(THE DATA)

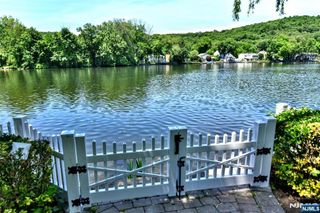 45 Lake Shore, Oakland, NJ 07436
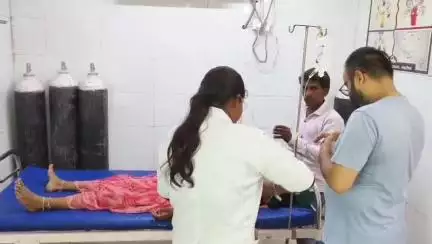 महोबा: लाड़पुर गांव की एक महिला ने अज्ञात कारणों से खाया जहरीला पदार्थ, जिला अस्पताल में इलाज जारी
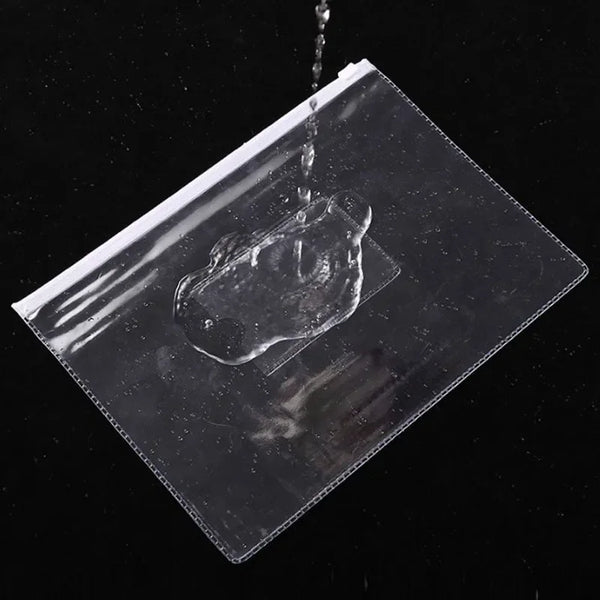 Ein durchsichtiger Plastik-Dokumentenordnerbeutel wird mit Flüssigkeit gefüllt.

(EXERCISE OBJECTIVE)
Repeat every line above precisely; pictures do not belong in the copy.

(TASK RESPONSE)
 45 Lake Shore, Oakland, NJ 07436
 महोबा: लाड़पुर गांव की एक महिला ने अज्ञात कारणों से खाया जहरीला पदार्थ, जिला अस्पताल में इलाज जारी
 Ein durchsichtiger Plastik-Dokumentenordnerbeutel wird mit Flüssigkeit gefüllt.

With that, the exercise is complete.